The records below must be copied out completely and exactly.

[Available data Boundary: Start]

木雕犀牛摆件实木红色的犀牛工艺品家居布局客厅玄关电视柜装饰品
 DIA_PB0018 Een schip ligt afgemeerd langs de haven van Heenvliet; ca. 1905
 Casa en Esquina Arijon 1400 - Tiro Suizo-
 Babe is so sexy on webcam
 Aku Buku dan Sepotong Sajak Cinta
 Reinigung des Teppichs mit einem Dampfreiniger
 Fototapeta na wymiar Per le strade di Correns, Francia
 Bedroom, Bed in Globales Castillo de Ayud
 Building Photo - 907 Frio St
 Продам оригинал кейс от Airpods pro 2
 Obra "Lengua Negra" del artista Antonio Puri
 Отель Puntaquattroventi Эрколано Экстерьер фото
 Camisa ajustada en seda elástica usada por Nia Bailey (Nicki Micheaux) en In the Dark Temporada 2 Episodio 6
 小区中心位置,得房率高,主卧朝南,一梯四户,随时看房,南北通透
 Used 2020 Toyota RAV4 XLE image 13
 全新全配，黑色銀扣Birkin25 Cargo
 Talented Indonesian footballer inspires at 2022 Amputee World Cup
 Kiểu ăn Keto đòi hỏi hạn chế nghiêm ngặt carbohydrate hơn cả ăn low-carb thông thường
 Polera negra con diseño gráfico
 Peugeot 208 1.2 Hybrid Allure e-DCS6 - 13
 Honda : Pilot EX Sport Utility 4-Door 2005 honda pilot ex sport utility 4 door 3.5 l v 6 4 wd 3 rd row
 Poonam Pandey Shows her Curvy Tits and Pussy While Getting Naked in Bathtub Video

[Available data Boundary: End]

Exercise result -
木雕犀牛摆件实木红色的犀牛工艺品家居布局客厅玄关电视柜装饰品
 DIA_PB0018 Een schip ligt afgemeerd langs de haven van Heenvliet; ca. 1905
 Casa en Esquina Arijon 1400 - Tiro Suizo-
 Babe is so sexy on webcam
 Aku Buku dan Sepotong Sajak Cinta
 Reinigung des Teppichs mit einem Dampfreiniger
 Fototapeta na wymiar Per le strade di Correns, Francia
 Bedroom, Bed in Globales Castillo de Ayud
 Building Photo - 907 Frio St
 Продам оригинал кейс от Airpods pro 2
 Obra "Lengua Negra" del artista Antonio Puri
 Отель Puntaquattroventi Эрколано Экстерьер фото
 Camisa ajustada en seda elástica usada por Nia Bailey (Nicki Micheaux) en In the Dark Temporada 2 Episodio 6
 小区中心位置,得房率高,主卧朝南,一梯四户,随时看房,南北通透
 Used 2020 Toyota RAV4 XLE image 13
 全新全配，黑色銀扣Birkin25 Cargo
 Talented Indonesian footballer inspires at 2022 Amputee World Cup
 Kiểu ăn Keto đòi hỏi hạn chế nghiêm ngặt carbohydrate hơn cả ăn low-carb thông thường
 Polera negra con diseño gráfico
 Peugeot 208 1.2 Hybrid Allure e-DCS6 - 13
 Honda : Pilot EX Sport Utility 4-Door 2005 honda pilot ex sport utility 4 door 3.5 l v 6 4 wd 3 rd row
 Poonam Pandey Shows her Curvy Tits and Pussy While Getting Naked in Bathtub Video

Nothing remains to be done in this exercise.